There could be a variety of reasons, but I can think of two right off. We want sympathy, or want to outdo someone else’s complaint, thus winning a small victory for the day.

Sympathy is something we actually CRAVE sometimes. We appreciate it when others recognize our situation, but many times we complain to put ourselves out there and in the way of our friends or even strangers just to get some little bit of regard.

It feels like a cat that lays down in your path so you will either pet her or stumble over her. Or the dog who catches you reading and pushes his head into your hand so you will stop what you are doing and lavish attention on him. I won’t begin to talk about how toddlers behave when mother starts talking on the phone.

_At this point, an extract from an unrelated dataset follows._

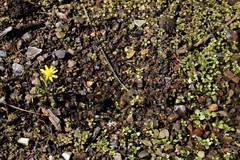 Crocidium multicaule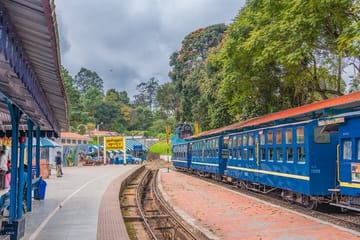 Coimbatore to Ooty Tour with Hotel and Sightseeing Excursions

Begging for sympathy is basically asking others to pity you. Do you want to be considered by others to be pitiful? The weakness of character exhibited doesn’t lend itself to others wanting to spend time with you. Once you are labeled a whiner, people choose to go the other way when they see you coming. They have enough burdens of their own, and don’t need yours added to the pile.

Before complaining for sympathy, ask yourself, “Is the thing you want to whine about a problem that needs solved, or are you just trying to get pitied and petted like the aforementioned dog? Anything you are not willing to take action to change is not something you should waste your own time, and especially others time with. It’s pretty unproductive, and showcases just how pitiful you are.
Next comes the “My Dad Can Beat Up Your Dad” syndrome. Some people have a deep psychological need to dominate those around them. This usually comes from a lack of confidence and a desire to constantly prove to themselves they are worth something. Instead of making themselves better however, they try to put down anyone they encounter.

No one wants to be victimized by this type of dominator. If whiners are avoided as inconvenient time wasters, the dominators are the ones you may actually hide from. One way to avoid being drawn into a contest with a dominator is to avoid whining yourself. Don’t give them any ground to start their comparison games. If they attempt to goad you into a conversation by a direct challenge, refuse to take the bait. They need self validation so much they will move to an easier target.

Monica Johnson said:
“Many of our choices have led to the predicaments we are presently complaining about.”

I imagine at least 80% of the things we may want to complain about are based on the choices we have made anyway. Instead of complaining, get constructive and try to actually fix those unforeseen consequences of your actions. Of course, a little preplanning can go a long way toward avoiding bad outcomes in the first place.

Benjamin Franklin:
Any fool can criticize, condemn and complain- and most fools do.